### Your goal
In the entries below, find the line with "You said it" and the line with "Shure sm58- lce- dynamisch vocal". Return those two lines and all lines between them, exactly.

### Information provided
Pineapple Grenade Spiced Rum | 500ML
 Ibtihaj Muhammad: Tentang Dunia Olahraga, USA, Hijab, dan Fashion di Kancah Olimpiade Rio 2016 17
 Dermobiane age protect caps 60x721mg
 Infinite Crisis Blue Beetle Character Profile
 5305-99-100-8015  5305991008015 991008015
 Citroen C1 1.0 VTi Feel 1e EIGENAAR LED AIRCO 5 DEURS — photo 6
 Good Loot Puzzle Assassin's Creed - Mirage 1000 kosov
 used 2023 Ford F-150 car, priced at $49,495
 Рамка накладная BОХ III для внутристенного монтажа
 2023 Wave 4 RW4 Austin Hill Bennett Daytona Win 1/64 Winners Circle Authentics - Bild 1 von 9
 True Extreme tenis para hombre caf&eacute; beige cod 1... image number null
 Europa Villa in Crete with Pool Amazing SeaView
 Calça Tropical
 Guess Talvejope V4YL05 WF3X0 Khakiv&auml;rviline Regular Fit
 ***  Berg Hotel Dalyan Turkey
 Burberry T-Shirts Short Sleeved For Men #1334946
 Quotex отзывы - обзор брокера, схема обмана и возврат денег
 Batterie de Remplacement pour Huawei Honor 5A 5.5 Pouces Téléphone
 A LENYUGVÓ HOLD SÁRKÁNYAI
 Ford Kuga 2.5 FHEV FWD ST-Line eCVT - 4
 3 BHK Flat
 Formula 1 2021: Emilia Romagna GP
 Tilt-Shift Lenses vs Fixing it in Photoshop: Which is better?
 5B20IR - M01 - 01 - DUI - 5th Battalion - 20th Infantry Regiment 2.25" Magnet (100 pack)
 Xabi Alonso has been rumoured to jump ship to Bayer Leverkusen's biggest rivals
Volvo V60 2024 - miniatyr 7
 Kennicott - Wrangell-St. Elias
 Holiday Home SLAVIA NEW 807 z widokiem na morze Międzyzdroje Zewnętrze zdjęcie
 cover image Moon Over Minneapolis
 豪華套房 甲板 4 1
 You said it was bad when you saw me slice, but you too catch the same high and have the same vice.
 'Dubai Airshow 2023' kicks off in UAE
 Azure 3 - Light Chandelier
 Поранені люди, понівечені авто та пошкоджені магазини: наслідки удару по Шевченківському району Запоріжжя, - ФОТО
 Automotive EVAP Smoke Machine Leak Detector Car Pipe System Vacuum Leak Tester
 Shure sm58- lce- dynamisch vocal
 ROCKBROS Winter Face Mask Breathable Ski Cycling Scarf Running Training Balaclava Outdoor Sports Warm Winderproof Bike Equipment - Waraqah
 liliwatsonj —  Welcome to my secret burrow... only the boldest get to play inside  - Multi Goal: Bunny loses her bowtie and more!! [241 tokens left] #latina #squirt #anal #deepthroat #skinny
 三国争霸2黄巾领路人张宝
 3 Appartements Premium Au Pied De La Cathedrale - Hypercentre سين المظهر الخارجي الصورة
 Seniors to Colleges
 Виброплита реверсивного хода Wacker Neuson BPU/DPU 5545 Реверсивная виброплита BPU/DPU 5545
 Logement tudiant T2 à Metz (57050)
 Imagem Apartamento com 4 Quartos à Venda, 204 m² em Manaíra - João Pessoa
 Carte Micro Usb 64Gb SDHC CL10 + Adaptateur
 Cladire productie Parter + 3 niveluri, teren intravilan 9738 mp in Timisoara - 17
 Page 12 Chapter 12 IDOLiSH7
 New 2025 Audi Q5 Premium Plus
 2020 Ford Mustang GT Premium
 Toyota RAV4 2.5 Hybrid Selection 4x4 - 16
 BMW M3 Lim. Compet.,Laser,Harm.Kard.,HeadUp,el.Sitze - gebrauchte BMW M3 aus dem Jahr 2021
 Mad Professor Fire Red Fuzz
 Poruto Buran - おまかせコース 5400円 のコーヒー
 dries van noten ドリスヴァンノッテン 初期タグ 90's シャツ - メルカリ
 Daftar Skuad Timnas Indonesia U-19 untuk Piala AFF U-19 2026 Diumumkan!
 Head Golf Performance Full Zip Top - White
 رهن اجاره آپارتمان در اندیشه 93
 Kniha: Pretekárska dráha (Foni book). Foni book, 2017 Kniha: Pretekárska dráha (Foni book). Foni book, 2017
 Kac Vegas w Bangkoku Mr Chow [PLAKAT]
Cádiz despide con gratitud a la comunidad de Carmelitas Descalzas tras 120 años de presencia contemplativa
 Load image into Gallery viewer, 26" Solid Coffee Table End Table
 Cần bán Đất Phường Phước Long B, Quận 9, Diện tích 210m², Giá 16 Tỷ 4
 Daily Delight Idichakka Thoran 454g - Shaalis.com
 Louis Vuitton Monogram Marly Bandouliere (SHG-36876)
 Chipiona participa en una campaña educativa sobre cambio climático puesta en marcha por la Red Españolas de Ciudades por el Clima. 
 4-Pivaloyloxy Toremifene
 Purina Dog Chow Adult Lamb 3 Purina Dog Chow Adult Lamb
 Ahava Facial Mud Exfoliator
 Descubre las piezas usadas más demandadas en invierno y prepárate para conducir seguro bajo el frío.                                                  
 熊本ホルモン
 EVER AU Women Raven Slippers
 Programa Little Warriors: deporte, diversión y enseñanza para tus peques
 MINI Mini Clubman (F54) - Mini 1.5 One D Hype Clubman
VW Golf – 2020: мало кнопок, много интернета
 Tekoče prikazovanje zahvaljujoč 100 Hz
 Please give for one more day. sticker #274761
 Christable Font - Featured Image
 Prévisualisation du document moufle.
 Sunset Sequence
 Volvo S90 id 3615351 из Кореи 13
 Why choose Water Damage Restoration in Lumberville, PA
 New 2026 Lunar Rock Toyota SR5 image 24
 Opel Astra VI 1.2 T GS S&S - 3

### Result
 You said it was bad when you saw me slice, but you too catch the same high and have the same vice.
 'Dubai Airshow 2023' kicks off in UAE
 Azure 3 - Light Chandelier
 Поранені люди, понівечені авто та пошкоджені магазини: наслідки удару по Шевченківському району Запоріжжя, - ФОТО
 Automotive EVAP Smoke Machine Leak Detector Car Pipe System Vacuum Leak Tester
 Shure sm58- lce- dynamisch vocal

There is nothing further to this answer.